# Dec. 16th Nor'easter - MA / NH



## TLC Snow Div. (Oct 28, 2007)

Here are some shots of some of the places where i plow. Didn't have time for very many action shots. Another kid came to move the piles on several of the commercial acounts with his Bobcat on Saturday.


----------



## TLC Snow Div. (Oct 28, 2007)

*Sunday Morning*

My truck and another guy snow blowing at a condo complex.


----------



## TLC Snow Div. (Oct 28, 2007)

*We got over a 12" of snow here...*

An easy residential driveway...


----------



## TLC Snow Div. (Oct 28, 2007)

*Parking lot*

Sunday night...


----------



## TLC Snow Div. (Oct 28, 2007)

*Another plaza*

.................


----------



## TLC Snow Div. (Oct 28, 2007)

*Yaz*

This is for you


----------



## TLC Snow Div. (Oct 28, 2007)

Another storm is shaping up for tonight and tomorrowpayup

Anywhere from 1 - 5 inches.

Every storm so for we've received the maximum amount forcasted or more.


----------



## mike psd (Aug 12, 2007)

sweet dude !!!!! truck looks great with the new lights foil . BTW did you get the new mini -bar yet ?


----------



## ch973934 (Dec 9, 2007)

Damn, good for you TLC...an inch if we are lucky out here...got a few roofs to clean off though, rain is coming Sunday...:angry:


----------



## TLC Snow Div. (Oct 28, 2007)

mike psd;461700 said:


> sweet dude !!!!! truck looks great with the new lights foil . BTW did you get the new mini -bar yet ?


Nope havent gotten it yet


----------



## J&R Landscaping (Dec 25, 2005)

Nice pics! Are you noticing any difference with the intensifire's vs the old lights?


----------



## TLC Snow Div. (Oct 28, 2007)

J&R Landscaping;462694 said:


> Nice pics!

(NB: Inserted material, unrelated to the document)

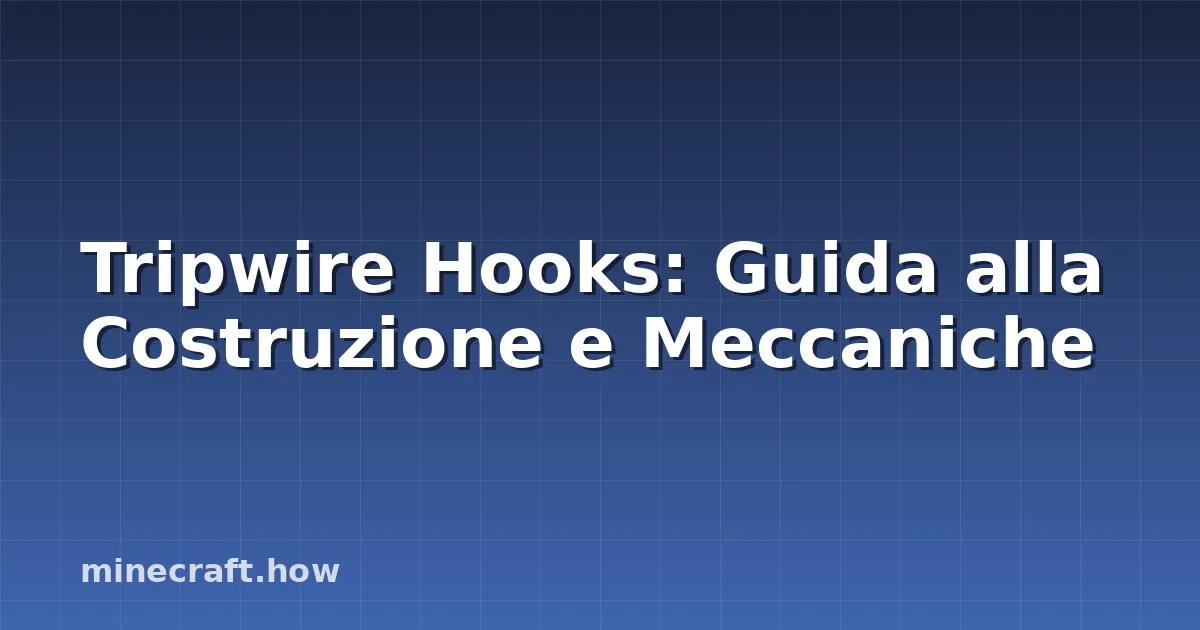 Tripwire Hooks: Guida alla Costruzione e Meccaniche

Are you noticing any difference with the intensifire's vs the old lights?


They are quite a bit nicer but i think i still need to adjust the aiming a little because i was driving down a road with no street lights or anything the other night during the storm and couldn't see very far ahead so i think i have them aimed too close to the road.


----------